The death toll in southern China’s earthquake rose to 589 on Wednesday as search and rescue teams pushed into isolated mountain communities to clear debris from collapsed homes.
The Yunnan provincial government said more than 2,400 people were injured in Sunday’s 6.1 magnitude quake in the mountainous Yunnan farming region of Ludian county — the country’s deadliest temblor in four years.
At a makeshift headquarters in the forecourt of a cracked middle school in the worst-hit town of Longtoushan, a senior colonel in the People’s Liberation Army said there might still be hope to find survivors.
“There are a lot of people that we may never be able to dig out,” said senior Col. Feng, who declined to give his full name because he was not an officially designated spokesman. “But there is still hope.”

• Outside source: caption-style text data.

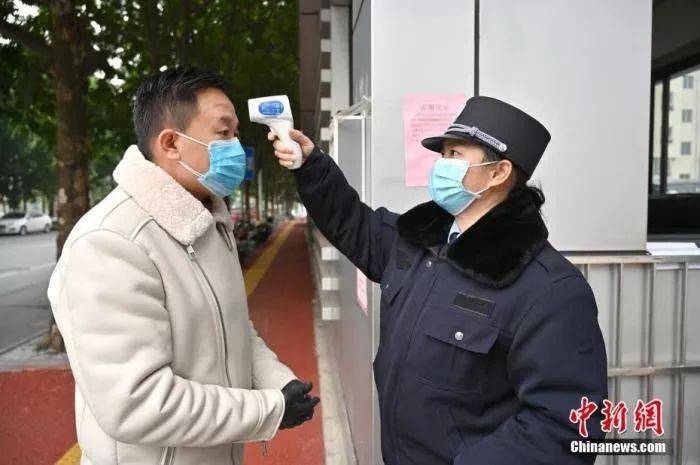 一名戴口罩的市民正在接受体温检测。中新社记者俞靖摄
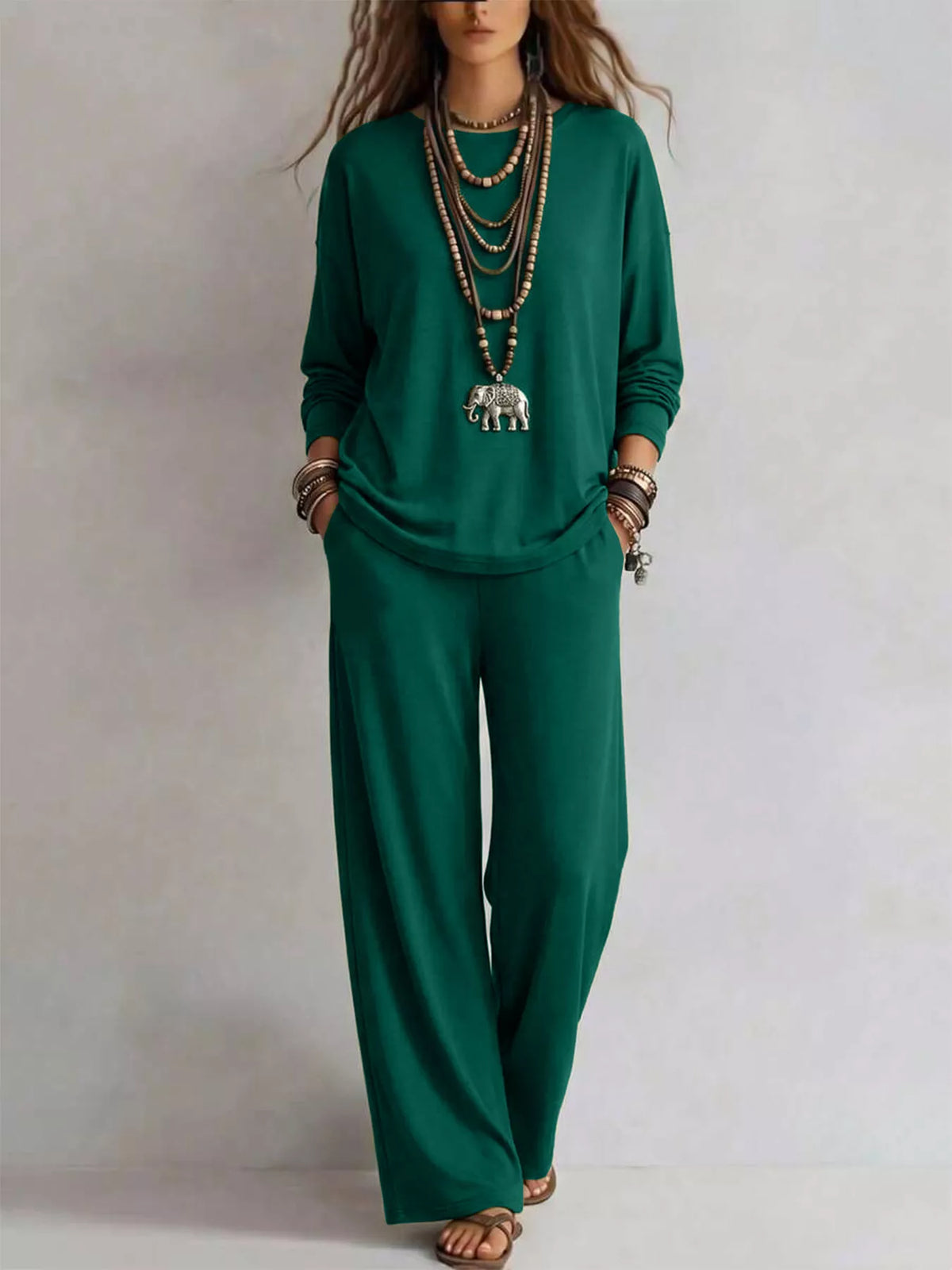 Trendsi round neck T-shirt and wide-leg pants set, featuring a casual fit and neutral color, displayed on a hanger against a white background.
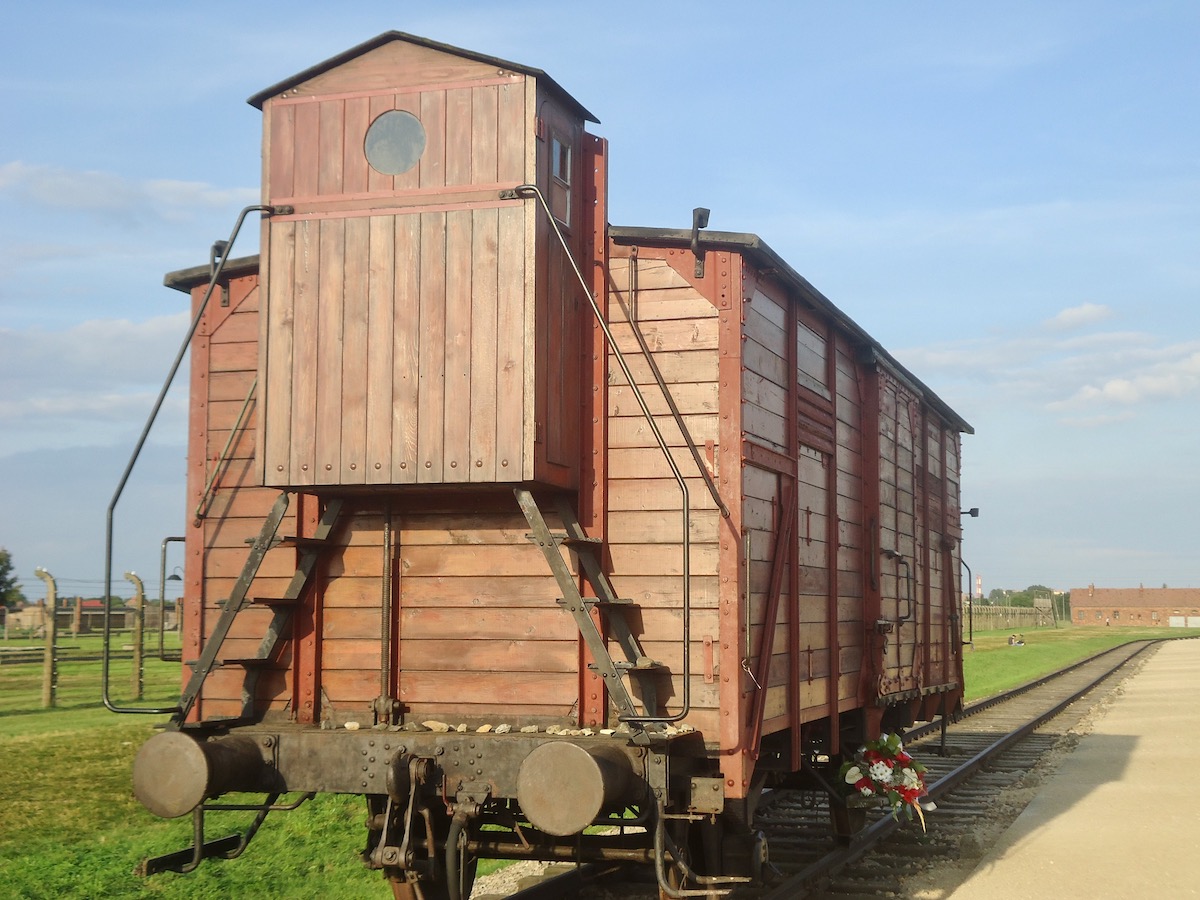 A former holocaust train stands on the railway in the Auschwitz museum.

Wednesday’s big jump in the death toll — up from 410 on Tuesday — was due to rescuers arriving in places where they had previously been unable to contact anybody, in small farming villages built into the mountains above the main towns, said Feng, a military officer based in Sichuan province.
Thousands of troops and hundreds of volunteers have rushed to Ludian to dig out possible survivors from the debris, but landslides and bouts of heavy rains have complicated rescue efforts.
The quake struck an area of steep hills and narrow roads that are not well suited to all the traffic of the massive relief effort. Landslides have shorn shear rocky faces into the region’s valleys.
The weather was clear Wednesday and the roads into Longtoushan were clogged with rescue vehicles, ambulances and military jeeps along with residents and volunteers on foot.
The region is prone to earthquakes. In 1970, a magnitude-7.7 earthquake in Yunnan killed at least 15,000 people. In September 2012, a series of quakes killed 81 people.
In May 2008, a powerful quake in Sichuan province left nearly 90,000 people dead.